Data:
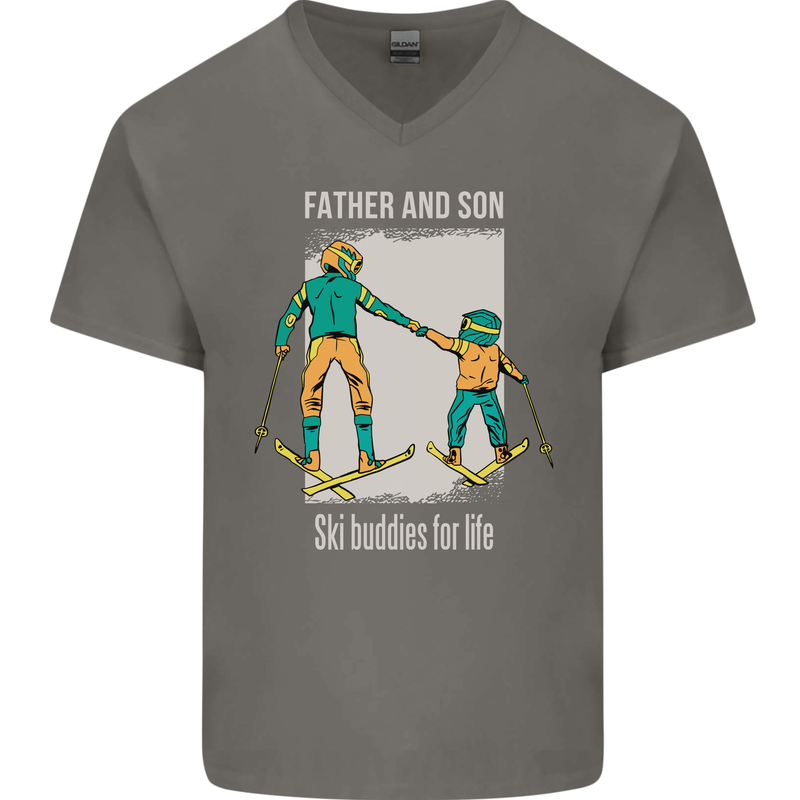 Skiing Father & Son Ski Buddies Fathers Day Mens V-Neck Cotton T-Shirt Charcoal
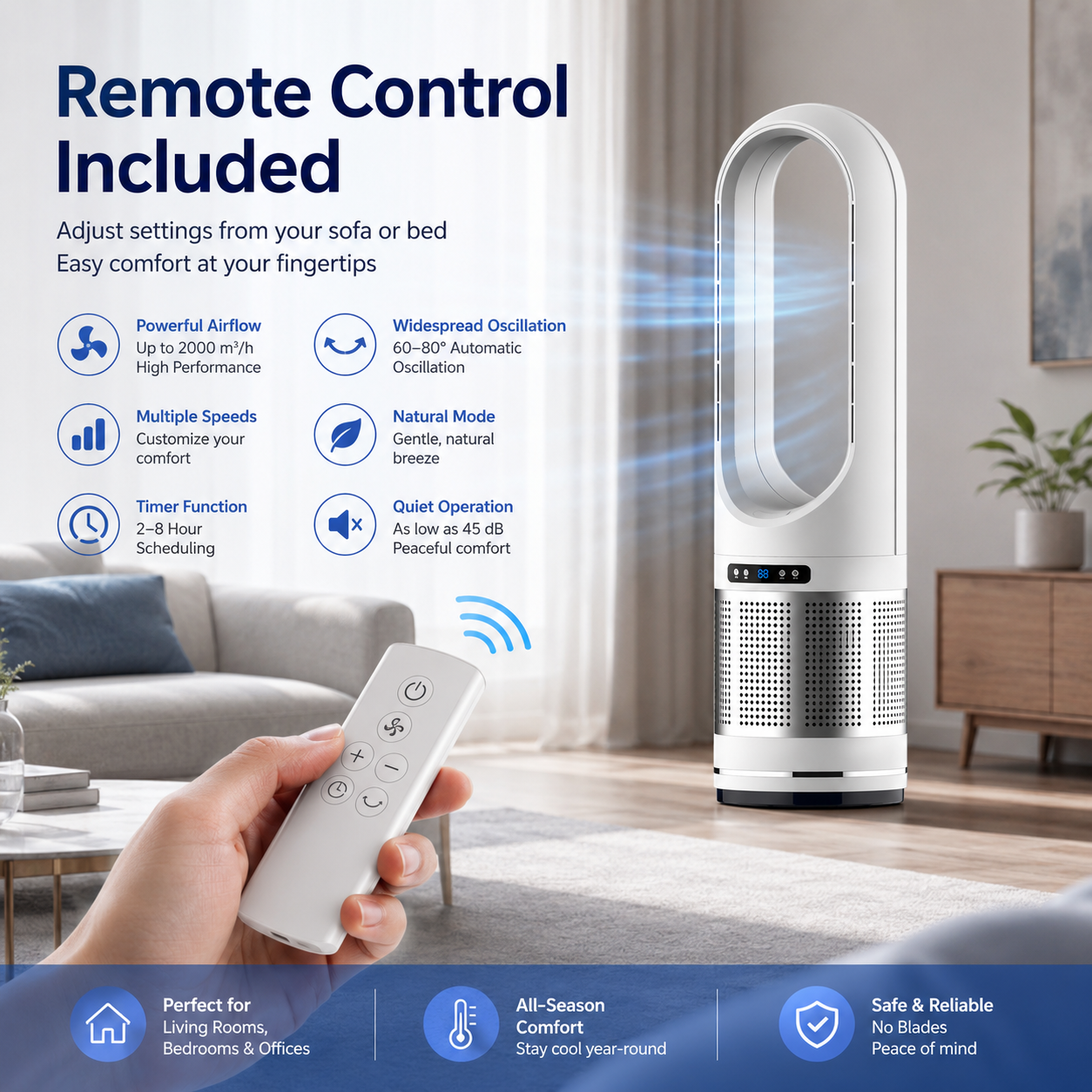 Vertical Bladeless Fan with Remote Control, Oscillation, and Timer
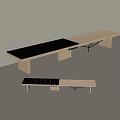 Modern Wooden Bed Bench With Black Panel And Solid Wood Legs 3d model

Activity: Quote the data above in full, leaving out the pictures it holds.

Answer:
 Skiing Father & Son Ski Buddies Fathers Day Mens V-Neck Cotton T-Shirt Charcoal
 Vertical Bladeless Fan with Remote Control, Oscillation, and Timer
 Modern Wooden Bed Bench With Black Panel And Solid Wood Legs 3d model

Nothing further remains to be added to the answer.